##### PROVIDED DATA
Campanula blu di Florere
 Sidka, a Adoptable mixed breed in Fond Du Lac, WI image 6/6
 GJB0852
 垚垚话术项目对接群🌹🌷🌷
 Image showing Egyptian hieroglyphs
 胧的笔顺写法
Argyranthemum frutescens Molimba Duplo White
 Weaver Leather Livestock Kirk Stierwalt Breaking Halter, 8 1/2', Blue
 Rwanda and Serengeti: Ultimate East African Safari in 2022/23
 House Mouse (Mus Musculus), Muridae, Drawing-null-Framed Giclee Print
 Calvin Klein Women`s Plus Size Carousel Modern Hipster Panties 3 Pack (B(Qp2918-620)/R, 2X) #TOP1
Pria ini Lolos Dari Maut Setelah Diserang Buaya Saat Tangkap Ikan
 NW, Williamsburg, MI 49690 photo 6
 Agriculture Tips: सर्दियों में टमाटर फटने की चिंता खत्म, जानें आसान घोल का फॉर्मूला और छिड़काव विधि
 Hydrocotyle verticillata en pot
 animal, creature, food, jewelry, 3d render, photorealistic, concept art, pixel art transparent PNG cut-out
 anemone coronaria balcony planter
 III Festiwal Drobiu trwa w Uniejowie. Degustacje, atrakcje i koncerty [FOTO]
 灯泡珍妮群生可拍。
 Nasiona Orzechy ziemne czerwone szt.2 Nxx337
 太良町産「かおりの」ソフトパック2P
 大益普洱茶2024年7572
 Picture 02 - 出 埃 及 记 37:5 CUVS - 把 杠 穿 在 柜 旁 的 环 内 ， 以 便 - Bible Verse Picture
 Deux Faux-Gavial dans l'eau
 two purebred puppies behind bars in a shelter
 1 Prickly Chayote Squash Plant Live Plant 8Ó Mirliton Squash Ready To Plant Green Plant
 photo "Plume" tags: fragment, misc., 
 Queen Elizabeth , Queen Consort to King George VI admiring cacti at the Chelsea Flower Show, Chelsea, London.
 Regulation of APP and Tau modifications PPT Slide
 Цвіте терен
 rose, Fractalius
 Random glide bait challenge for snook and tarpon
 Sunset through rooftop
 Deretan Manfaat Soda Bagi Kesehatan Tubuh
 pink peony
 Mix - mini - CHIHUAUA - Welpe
##########
TASK INSTRUCTIONS
This exercise calls for the lines from the one holding "Sunset through rooftop" through the end of the entries, transcribed exactly and with nothing more.

RESPONSE
 Sunset through rooftop
 Deretan Manfaat Soda Bagi Kesehatan Tubuh
 pink peony
 Mix - mini - CHIHUAUA - Welpe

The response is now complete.